Community attitudes to the regulation of life extension:
Technologies purported to extend human life are already being marketed widely, and are being used by community members, despite a lack of evidence on their efficacy or safety: in fact, the use of some putative anti-aging technologies (e.g., human growth hormone) is illegal. Existing regulation is proving to be ineffective, especially in the face of Internet sales.
Further advances in the field of life extension are a distinct possibility, exacerbating the need for a policy response. This paper presents the preliminary results of a study of community attitudes to life extension, with a focus on attitudes to the control and availability of strong life-extending technologies.
Can't be having those advances, now, can we? I'm always deeply suspicious of people waving terms like "society" and "community." Invariably, those in fact mean something along the lines of "we who would like to think of ourselves as elites, but who prefer not to say so quite so openly."

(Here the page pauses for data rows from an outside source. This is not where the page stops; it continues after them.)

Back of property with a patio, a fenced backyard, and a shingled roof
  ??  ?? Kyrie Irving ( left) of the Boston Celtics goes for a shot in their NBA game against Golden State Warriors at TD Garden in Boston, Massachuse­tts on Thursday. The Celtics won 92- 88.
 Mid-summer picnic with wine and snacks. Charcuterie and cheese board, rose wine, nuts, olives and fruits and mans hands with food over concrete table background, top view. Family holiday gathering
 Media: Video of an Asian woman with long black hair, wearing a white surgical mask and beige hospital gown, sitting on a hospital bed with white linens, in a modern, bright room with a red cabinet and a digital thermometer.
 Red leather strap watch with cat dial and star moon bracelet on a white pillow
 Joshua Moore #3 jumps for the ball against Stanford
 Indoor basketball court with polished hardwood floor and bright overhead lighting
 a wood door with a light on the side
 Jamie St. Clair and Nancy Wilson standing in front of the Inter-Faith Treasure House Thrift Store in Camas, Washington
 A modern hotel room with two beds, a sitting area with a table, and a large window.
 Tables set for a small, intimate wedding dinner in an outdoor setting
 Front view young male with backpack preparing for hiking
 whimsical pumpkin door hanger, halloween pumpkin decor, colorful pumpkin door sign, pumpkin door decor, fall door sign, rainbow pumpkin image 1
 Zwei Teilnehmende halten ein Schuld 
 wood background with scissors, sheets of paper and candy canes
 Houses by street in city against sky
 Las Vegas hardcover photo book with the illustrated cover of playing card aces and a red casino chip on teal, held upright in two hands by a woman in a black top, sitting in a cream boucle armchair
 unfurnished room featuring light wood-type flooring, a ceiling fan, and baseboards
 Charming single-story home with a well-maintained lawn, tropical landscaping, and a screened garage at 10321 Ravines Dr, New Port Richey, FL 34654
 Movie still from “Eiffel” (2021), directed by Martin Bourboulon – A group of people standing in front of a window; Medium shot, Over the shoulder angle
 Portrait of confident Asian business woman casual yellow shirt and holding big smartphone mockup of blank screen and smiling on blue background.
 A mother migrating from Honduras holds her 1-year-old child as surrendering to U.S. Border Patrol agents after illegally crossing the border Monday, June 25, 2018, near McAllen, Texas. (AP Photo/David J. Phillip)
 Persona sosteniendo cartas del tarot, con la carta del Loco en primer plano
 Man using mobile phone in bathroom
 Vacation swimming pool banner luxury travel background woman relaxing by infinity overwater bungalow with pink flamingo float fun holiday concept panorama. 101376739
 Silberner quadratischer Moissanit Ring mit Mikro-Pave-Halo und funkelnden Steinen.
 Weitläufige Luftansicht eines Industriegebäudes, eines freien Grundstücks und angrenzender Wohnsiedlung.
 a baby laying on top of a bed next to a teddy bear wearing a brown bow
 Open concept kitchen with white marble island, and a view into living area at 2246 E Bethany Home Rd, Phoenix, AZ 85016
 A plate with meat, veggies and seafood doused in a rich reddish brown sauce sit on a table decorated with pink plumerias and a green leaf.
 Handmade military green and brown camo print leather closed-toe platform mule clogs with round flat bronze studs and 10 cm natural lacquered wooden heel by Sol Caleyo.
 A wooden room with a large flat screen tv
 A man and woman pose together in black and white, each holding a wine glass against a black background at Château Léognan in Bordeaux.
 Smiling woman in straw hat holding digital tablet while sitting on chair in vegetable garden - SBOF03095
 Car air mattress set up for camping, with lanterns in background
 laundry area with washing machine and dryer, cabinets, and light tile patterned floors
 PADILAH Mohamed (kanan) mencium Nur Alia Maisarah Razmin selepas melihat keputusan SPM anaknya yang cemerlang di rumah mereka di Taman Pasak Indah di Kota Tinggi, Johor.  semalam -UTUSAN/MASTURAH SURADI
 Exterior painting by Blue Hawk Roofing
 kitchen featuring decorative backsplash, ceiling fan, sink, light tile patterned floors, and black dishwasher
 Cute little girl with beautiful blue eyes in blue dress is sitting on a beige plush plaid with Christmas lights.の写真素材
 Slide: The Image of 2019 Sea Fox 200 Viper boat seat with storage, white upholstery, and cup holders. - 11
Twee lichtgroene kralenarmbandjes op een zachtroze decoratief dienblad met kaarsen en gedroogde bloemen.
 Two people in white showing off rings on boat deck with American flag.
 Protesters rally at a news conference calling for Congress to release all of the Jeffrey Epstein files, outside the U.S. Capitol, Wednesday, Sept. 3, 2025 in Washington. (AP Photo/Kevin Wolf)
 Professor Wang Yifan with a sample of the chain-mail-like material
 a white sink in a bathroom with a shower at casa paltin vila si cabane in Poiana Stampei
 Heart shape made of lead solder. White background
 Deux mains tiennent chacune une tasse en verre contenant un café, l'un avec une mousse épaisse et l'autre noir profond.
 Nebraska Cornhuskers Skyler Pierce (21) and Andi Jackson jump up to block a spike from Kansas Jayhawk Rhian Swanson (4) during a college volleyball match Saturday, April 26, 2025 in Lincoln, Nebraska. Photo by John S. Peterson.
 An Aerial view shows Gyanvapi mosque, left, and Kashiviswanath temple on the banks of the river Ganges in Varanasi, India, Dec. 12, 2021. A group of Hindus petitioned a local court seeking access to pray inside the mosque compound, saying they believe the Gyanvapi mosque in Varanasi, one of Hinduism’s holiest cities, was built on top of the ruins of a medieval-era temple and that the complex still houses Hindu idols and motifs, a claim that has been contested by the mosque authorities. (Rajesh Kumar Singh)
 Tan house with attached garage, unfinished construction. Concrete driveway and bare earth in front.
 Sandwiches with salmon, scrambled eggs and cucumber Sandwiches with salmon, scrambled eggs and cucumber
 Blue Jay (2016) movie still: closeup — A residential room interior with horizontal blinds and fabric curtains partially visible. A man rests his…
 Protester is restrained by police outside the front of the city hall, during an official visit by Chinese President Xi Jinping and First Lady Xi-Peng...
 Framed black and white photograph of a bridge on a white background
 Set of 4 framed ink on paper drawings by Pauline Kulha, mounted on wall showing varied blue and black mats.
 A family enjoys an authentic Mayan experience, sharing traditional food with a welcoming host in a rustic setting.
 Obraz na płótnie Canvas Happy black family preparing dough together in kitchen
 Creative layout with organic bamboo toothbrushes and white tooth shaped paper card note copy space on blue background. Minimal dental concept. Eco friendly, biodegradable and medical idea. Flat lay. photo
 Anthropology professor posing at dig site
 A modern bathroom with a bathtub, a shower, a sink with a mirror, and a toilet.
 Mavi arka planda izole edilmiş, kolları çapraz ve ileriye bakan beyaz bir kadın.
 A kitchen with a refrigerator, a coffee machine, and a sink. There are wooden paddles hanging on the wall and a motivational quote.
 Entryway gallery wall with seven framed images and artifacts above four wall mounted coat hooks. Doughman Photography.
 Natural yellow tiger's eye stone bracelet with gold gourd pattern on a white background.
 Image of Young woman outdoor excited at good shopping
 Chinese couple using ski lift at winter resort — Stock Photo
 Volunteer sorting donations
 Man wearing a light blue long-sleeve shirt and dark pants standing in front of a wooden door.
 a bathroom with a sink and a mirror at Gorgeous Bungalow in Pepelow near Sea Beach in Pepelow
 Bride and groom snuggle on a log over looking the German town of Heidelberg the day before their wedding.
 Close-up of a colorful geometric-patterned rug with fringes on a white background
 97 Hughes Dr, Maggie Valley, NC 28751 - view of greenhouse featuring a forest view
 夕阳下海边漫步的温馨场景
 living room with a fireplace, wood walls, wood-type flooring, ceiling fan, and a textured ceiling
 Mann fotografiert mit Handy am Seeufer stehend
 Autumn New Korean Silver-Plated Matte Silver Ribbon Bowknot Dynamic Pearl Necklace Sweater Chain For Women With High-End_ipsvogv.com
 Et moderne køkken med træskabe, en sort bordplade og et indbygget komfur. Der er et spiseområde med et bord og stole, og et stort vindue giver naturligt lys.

It's rather sad that we live in an era of the downward spiral, right at the time at which there is so much progress in technology and human capabilities to be seized. Ever greater control and abrogation of personal responsibility leads to an irresponsible, demanding, passive-aggressive population, which leads to ever greater centralized control and destruction of freedom. We're overdue a revolution, a sea change in attitudes, or an unpleasant dip once more into comparative poverty of choice, vision and opportunity.